Rusak Budi Bangsa Binasa

(Negeri yang sejahtera pun akan bisa rusak jika masyarakatnya tidak berbudi pekerti baik)

(Peribahasa Indonesia, KBBI: 987)

Maraknya penyimpangan sosial yang berupa gerakan radikalisme, membuat Indonesia sangat terancaman menjadi korban yang berkelanjutan. Adanya gerakan radikalisme ini berangkat dari propaganda berbasis agama untuk menebar kebencian terhadap sesama, saling menghasut, memfitnah, dan menghujat, yang mengakibatkan perpecahan antar penduduk semakin besar. Dengan propaganda tersebut, oknum-oknum yang sudah terpengaruh sangat berani melakukan aksi kekerasan dan tidak takut lagi untuk berbuat radikal, yang dibuktikan dengan meledakkan bom. Aksi pelemparan bom molotov di depan Gereja Samarinda yang menewaskan Intan Olivia Marbun, merupakan salah satu contoh perbuatan oknum yang sudah lama terpengaruh propaganda kebencian.

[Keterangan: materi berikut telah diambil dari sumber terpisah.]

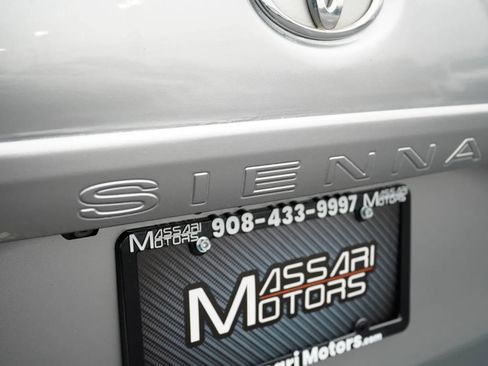 Used 2014 Toyota Sienna LE FWD image 12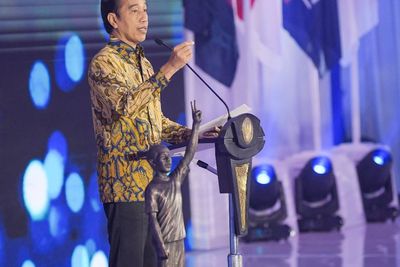 Presiden Sedih Bangsa Indonesia Masih Mental Inlander: Ketemu Bule Kayak Ketemu Siapa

Buruknya budi pekerti yang ada di dalam diri pelaku, merupakan sebab dirinya melakukan hal yang membahayakan. Perilaku yang membahayakan tersebut lambat laun akan mengantarkan Indonesia yang sejahtera dan damai ini menjadi negara yang serba rusak, yaitu rusak akal, iman, dan rusak tatanan sosialnya. Peribahasa Indonesia yang ditulis untuk membuka artikel ini memang benar adanya, karena perdamaian dan ketentraman sebuah negara bisa terwujud dengan baiknya budi pekerti pemimpin, ulama, dan penuduknya. Jika ada salah satu di antara tiga pihak tersebut yang buruk budi pekertinya, maka sebuah negara akan menuju keburukan yang nyata.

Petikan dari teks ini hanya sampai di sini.